Department of Molecular and Cell Biology, University of California, Berkeley, CA 94720, USA.
Science. 2010 Sep 10;329(5997):1355-8. doi: 10.1126/science.1192272.
Many bacteria and archaea contain clustered regularly interspaced short palindromic repeats (CRISPRs) that confer resistance to invasive genetic elements. Central to this immune system is the production of CRISPR-derived RNAs (crRNAs) after transcription of the CRISPR locus. Here, we identify the endoribonuclease (Csy4) responsible for CRISPR transcript (pre-crRNA) processing in Pseudomonas aeruginosa. A 1.8 angstrom crystal structure of Csy4 bound to its cognate RNA reveals that Csy4 makes sequence-specific interactions in the major groove of the crRNA repeat stem-loop. Together with electrostatic contacts to the phosphate backbone, these enable Csy4 to bind selectively and cleave pre-crRNAs using phylogenetically conserved serine and histidine residues in the active site. The RNA recognition mechanism identified here explains sequence- and structure-specific processing by a large family of CRISPR-specific endoribonucleases.

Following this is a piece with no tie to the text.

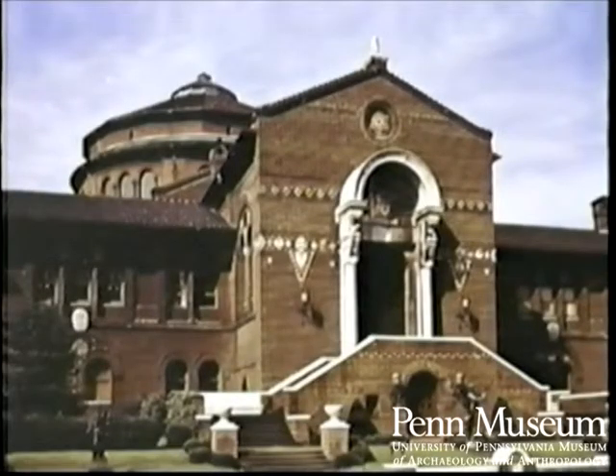Hello, I'm Douglas Haller. I was the head archivist of the University of Pennsylvania Museum for more than a decade between 1986 and 1998. I'm going to take you on a journey in time through the museum galleries. This year, 1999, is the centennial of the first building of the museum complex.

许多细菌和古菌含有成簇规律间隔短回文重复序列(CRISPRs),这些重复序列赋予了它们对入侵遗传元件的抗性。该免疫系统的核心是在转录 CRISPR 基因座后产生 CRISPR 衍生的 RNA(crRNA)。在这里,我们鉴定了负责铜绿假单胞菌 CRISPR 转录本(前 crRNA)加工的内切核酸酶(Csy4)。与同源 RNA 结合的 Csy4 的 1.8 埃晶体结构表明,Csy4 在 crRNA 重复茎环的大沟中形成序列特异性相互作用。与磷酸骨架的静电接触一起,这些使 Csy4 能够使用活性位点中进化上保守的丝氨酸和组氨酸残基选择性地结合并切割前 crRNA。此处鉴定的 RNA 识别机制解释了一大类 CRISPR 特异性内切核糖核酸酶的序列和结构特异性加工。